• [Problem to work on]: The part below that opens with the line containing "A bathroom with" and closes with the line containing "carpeted empty room featuring ceiling fan" should be copied exactly, minus any pictures.

***

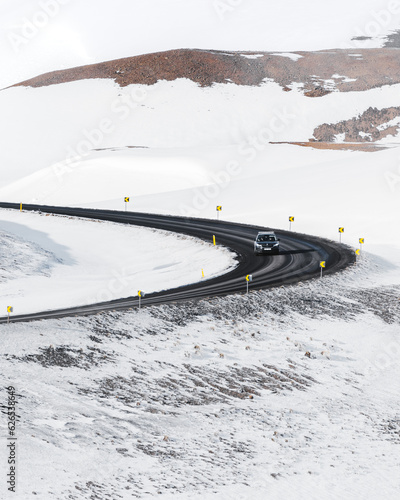 Car driving down a snowy road in Iceland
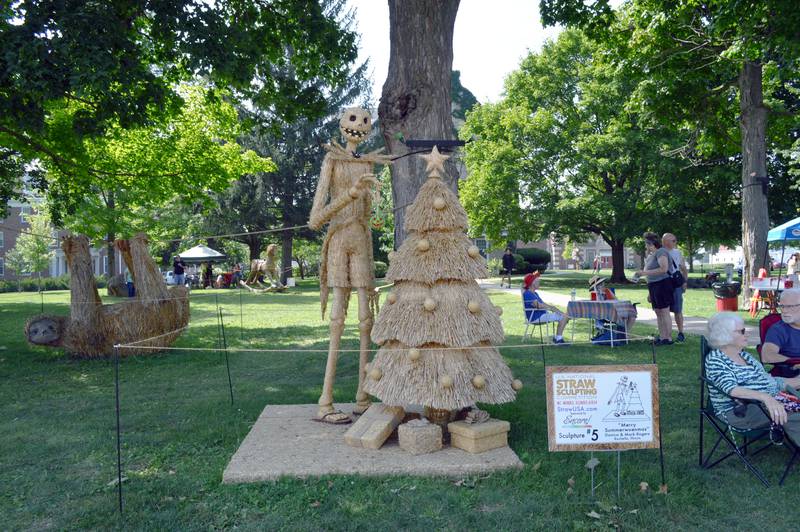 "Merry Summerweenmas," by Danica and Mark Rogers, of Rochelle, on Saturday Aug. 24, 2024, sits on the Mt. Morris College Campus in the village's downtown. The straw sculpture was an entry in the ninth annual U.S. National Straw Sculpting Competition and won first place for People's Choice and tied for second place for Artists' Choice.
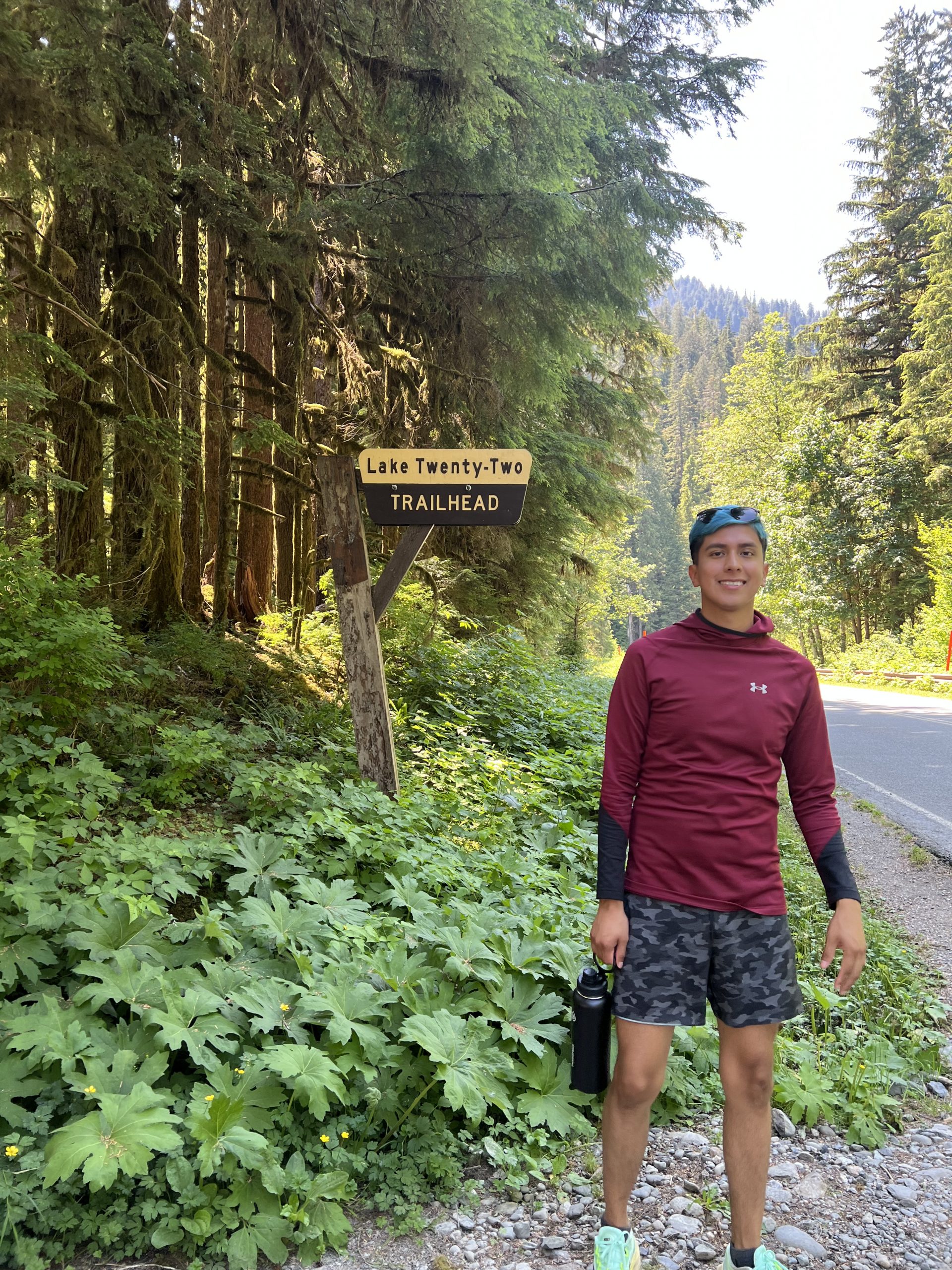 Alexis vistiendo ropa deportiva junto a un cartel que dice "Inicio del sendero del lago veintidós"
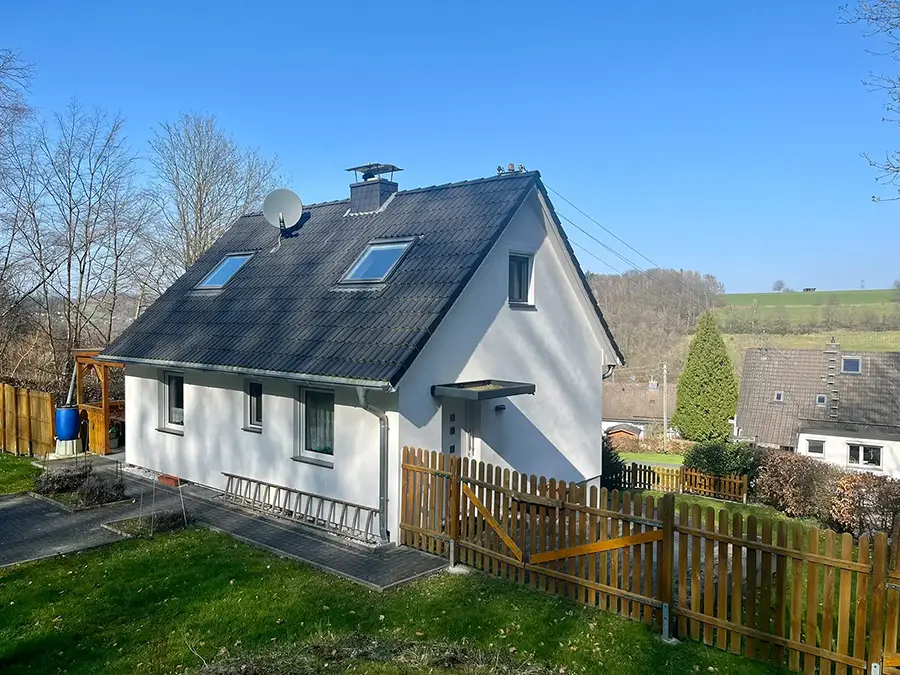 Objekt 11 Ein kleines weißes Haus mit einem dunklen Schrägdach, Oberlichtern und einer Satellitenschüssel, umgeben von einem Holzzaun und einem grasbewachsenen Hof unter einem klaren blauen Himmel.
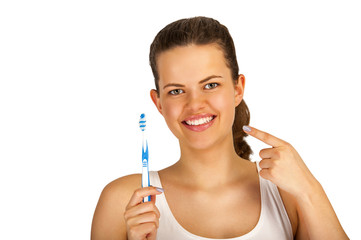 Woman poiting teeth with toothbrush over white background.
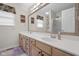A bathroom with natural cabinets, solid surface counters, modern fixtures, a large mirror, and a walk-in shower at 933 Hummingbird Ln, Columbus, IN 47203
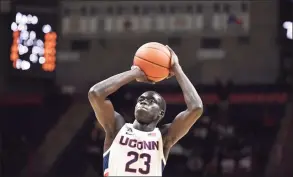  ?? Jessica Hill / Associated Press ?? UConn’s Akok Akok is recovering from an Achilles injury.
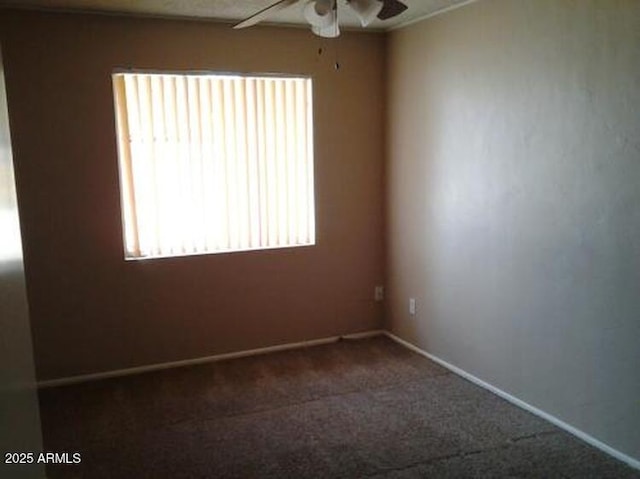 carpeted empty room featuring ceiling fan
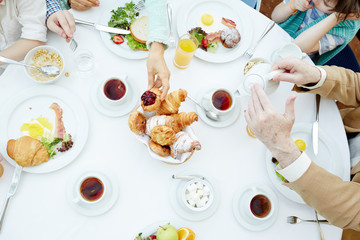People having meals and tea with pastry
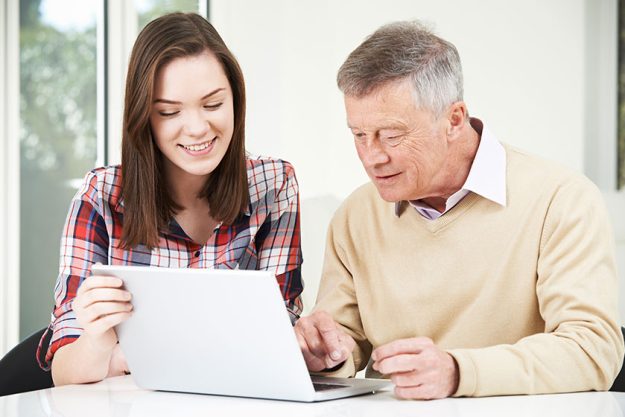 teenage granddaughter showing grandfather how to use laptop comp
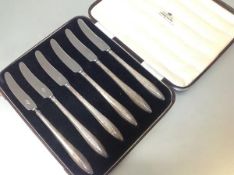 A cased set of six George VI silver-handled fruit knives, Brook & Son, Birmingham 1942, each with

***

• [Solution to this problem]:
A bathroom with natural cabinets, solid surface counters, modern fixtures, a large mirror, and a walk-in shower at 933 Hummingbird Ln, Columbus, IN 47203
  ?? Jessica Hill / Associated Press ?? UConn’s Akok Akok is recovering from an Achilles injury.
 carpeted empty room featuring ceiling fan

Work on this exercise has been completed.